Transcript
PAUL BEUMELBURG: I'm not dismissing western style education per se. For some they want their students educated with western ideas so that they can become doctors, lawyers, accountants but there's also a lot of students there they've got to look back within their culture and so therefore it's important they understand their own values, customs and that which are so valuable.
SALLY ROUND: And how dependent are Pacific islands and how many Pacific islands are basing their education system on New Zealand standards, New Zealand curricula?
PB: Certainly the ones, Niue, Tokelau and Cook Islands do and of course I did my research in the Cook Islands. That was a conscious decision by the Cook Islands people to have a New Zealand qualification system simply because they felt it has international credibility and there was some concerns about the ability of Cook Islands being a small country to have their own qualification system which would be internationally recognised and of course Cook Islanders are New Zealand citizens. There is a lot movement to New Zealand and having said that there's a great opportunity with the NCEA, the National Certificate of Educational Achievement which is the New Zealand system which is given to New Zealand students and Cook Island students . It's quite a flexible system. I first of all looked at what was called a strength-based implementation and what that involves is firstly looking at the standards and contextualising the standards and making them more relevant to place. If you like a place-based education. But in terms of Cook Islands of course culture forms part of a place-based, a massive part of a place-based culture so you can take some of the standards and what you can do is you can put them in the context of the islands rather than learning about New Zealand, using New Zealand textbooks and New Zealand examples which are often used simply because they don't have the resources there themselves.

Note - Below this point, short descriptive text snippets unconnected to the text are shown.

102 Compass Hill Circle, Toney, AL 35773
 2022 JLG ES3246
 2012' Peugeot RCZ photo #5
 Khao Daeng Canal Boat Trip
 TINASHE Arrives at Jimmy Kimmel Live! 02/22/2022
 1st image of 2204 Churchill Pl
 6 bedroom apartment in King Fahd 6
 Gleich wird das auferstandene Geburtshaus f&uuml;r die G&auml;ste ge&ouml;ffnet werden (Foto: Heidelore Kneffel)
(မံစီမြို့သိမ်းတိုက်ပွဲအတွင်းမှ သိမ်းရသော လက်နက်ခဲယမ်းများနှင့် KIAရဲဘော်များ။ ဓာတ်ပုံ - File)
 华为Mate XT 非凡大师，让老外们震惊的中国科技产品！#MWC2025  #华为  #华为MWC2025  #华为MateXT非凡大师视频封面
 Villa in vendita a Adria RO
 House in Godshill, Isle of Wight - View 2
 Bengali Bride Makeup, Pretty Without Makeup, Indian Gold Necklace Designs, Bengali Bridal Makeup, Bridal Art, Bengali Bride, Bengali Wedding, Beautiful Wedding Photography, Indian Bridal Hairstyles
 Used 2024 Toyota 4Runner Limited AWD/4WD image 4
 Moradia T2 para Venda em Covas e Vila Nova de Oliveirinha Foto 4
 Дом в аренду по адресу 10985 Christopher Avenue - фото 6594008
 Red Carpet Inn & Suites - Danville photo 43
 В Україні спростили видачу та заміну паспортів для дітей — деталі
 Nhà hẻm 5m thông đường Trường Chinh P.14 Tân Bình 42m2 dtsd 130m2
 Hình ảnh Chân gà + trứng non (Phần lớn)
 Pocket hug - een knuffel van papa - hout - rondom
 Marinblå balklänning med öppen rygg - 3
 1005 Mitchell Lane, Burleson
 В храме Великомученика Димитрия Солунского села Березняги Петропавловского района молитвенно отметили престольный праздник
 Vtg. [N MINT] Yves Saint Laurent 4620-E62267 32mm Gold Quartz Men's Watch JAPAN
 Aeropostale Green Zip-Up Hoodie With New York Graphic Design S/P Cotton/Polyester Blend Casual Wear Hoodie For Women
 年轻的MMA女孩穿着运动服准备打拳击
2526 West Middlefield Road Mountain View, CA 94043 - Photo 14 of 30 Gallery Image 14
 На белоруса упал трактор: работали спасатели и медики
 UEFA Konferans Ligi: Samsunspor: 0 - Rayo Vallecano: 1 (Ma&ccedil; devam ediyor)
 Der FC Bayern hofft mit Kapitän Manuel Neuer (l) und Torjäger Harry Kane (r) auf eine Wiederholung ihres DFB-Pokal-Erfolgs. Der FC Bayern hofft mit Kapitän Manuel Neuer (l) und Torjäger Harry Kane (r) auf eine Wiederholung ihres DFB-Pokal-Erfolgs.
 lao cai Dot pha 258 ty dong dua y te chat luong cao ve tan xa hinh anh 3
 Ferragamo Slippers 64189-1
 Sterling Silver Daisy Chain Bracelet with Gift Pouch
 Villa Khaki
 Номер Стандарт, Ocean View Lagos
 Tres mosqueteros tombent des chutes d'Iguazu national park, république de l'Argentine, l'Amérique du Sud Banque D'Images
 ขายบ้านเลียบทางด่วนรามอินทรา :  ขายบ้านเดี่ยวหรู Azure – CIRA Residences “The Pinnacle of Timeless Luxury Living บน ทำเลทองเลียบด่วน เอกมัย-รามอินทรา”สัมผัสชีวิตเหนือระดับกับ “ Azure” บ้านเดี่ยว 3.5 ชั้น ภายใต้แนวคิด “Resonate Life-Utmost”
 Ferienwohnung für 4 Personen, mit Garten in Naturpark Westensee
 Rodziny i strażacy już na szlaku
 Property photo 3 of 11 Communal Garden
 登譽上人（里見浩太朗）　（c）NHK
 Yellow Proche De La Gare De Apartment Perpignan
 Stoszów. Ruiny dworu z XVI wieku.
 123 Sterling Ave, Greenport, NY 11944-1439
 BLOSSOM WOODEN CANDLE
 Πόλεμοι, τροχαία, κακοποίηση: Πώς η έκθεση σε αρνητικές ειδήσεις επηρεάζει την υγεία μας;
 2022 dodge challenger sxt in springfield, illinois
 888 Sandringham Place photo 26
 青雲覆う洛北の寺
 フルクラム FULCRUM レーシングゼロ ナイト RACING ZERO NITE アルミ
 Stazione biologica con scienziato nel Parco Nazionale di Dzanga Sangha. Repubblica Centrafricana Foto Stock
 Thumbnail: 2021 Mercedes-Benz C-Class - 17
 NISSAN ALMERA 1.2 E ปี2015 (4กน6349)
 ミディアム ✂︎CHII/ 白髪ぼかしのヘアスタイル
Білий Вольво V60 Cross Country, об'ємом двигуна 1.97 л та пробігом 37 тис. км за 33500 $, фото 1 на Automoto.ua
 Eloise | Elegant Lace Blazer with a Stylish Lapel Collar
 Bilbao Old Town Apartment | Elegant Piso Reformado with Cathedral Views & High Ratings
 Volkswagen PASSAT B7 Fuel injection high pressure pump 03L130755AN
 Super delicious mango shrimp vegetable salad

SR: Let's just turn to Mangaia where you were based. Give us an example of what was happening there that you saw in the education system?
PB: Lots of it was textbooks that were based on New Zealand examples so in science you might have New Zealand's ecosystem when the students will know their own ecosystems back on Mangaia. In terms of economics, for example, you get all your supply and demand stuff which I guess students still need to know but there's special characteristics about an isolated island in terms of distance, transportation and the cost of transportation, economies of scale and so by looking at those examples that can really help a student's learning because it's stuff that they're familiar with and that their community can help them learn. One of the things that I did advocate too is ... I'm saying that place-based education that's the first step ... but still the students are not learning in their culture. In a way they're learning ... that's a bit of an irony in some ways that by learning in English and looking back at their own culture they're effectively acting as anthropologists, looking back at an essentialised culture. What I'm saying is these students know their own language, they know the concepts. Why wouldn't you teach them in their own language about concepts that they know and then look at how they might integrate with western concepts so that they're critically thinking about what they want out of their culture and what's good about western culture. So I've developed a pedagogical model, an indigenous pedagogical model which has western ideas and knowledge as a helpful tool but the overarching focus is on what is valuable in an indigenous culture and customs and ideas.
SR: And so your modelling, you can see applying across the Pacific islands, not just to those education systems that are taking the New Zealand curriculum.
PB: Yes, definitely because what I'm talking about is just developing a thinking space which is not having just a western paradigm so it's a thinking space which, the centre of it, if you like, is an indigenous focus on in indigenous knowledge and culture, but it allows western ideas and that to come and be critically evaluated and then from there the students can then develop their own conceptions and their own community's conception of sustainable development.